++++ Dataset excerpts ++++

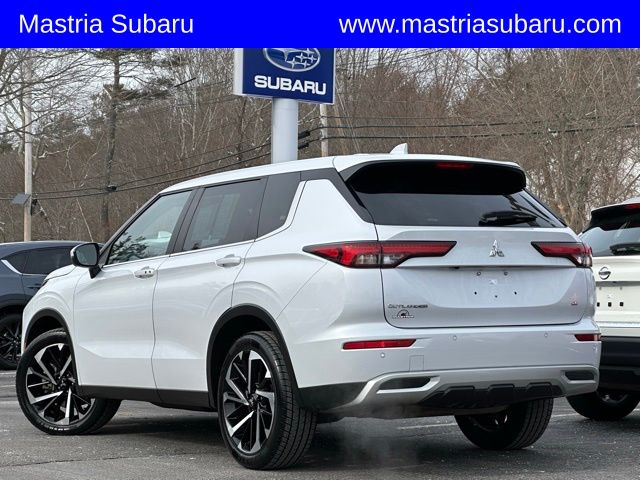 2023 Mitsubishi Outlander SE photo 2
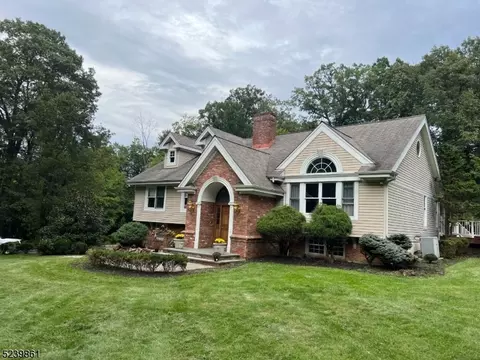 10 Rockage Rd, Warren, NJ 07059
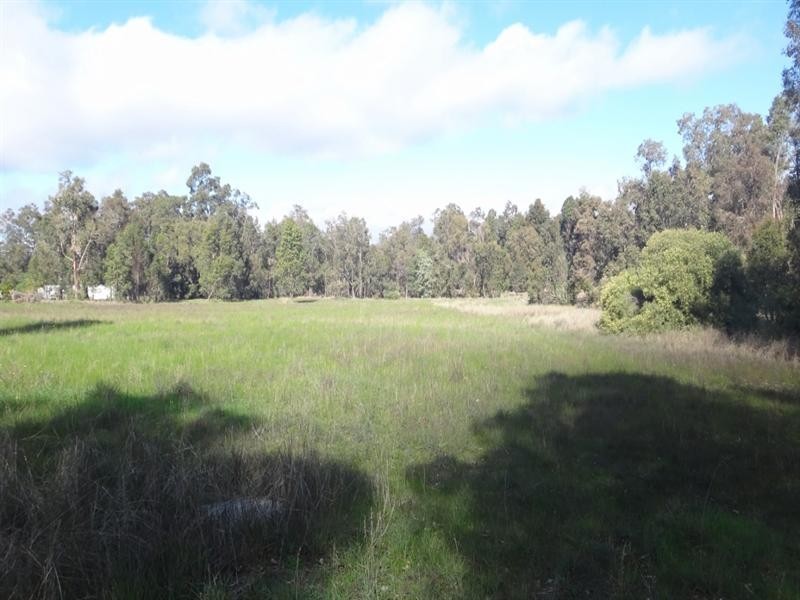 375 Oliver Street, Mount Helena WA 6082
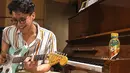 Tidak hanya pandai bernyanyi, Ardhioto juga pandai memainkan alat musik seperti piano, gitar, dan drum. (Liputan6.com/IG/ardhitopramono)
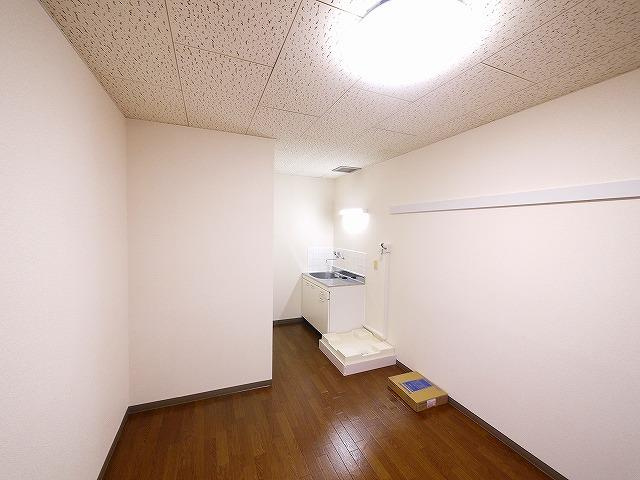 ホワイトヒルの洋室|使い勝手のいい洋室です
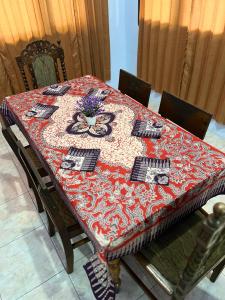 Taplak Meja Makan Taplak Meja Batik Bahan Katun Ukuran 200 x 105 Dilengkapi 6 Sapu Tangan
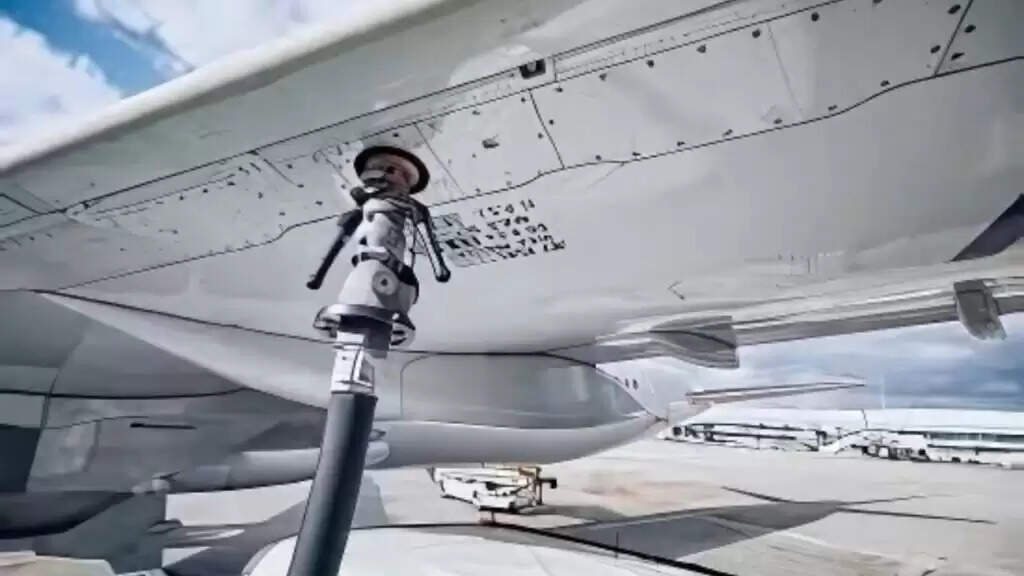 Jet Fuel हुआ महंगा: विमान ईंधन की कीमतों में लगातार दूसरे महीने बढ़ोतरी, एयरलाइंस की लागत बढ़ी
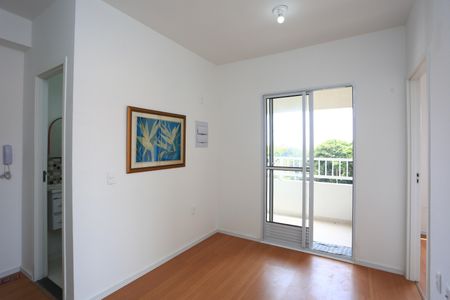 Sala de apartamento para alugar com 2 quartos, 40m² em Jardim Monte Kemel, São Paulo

++++
++++ Dataset excerpts ++++

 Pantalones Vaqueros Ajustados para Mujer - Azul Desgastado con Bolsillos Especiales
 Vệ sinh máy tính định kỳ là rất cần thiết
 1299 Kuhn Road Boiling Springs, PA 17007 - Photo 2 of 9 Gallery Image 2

++++

What you will do:
Look above for the line with "Taplak Meja Makan" and the line with "Sala de apartamento". Give again exactly those two lines and all lines between them, pictures excluded.

Result for this task:
 Taplak Meja Makan Taplak Meja Batik Bahan Katun Ukuran 200 x 105 Dilengkapi 6 Sapu Tangan
 Jet Fuel हुआ महंगा: विमान ईंधन की कीमतों में लगातार दूसरे महीने बढ़ोतरी, एयरलाइंस की लागत बढ़ी
 Sala de apartamento para alugar com 2 quartos, 40m² em Jardim Monte Kemel, São Paulo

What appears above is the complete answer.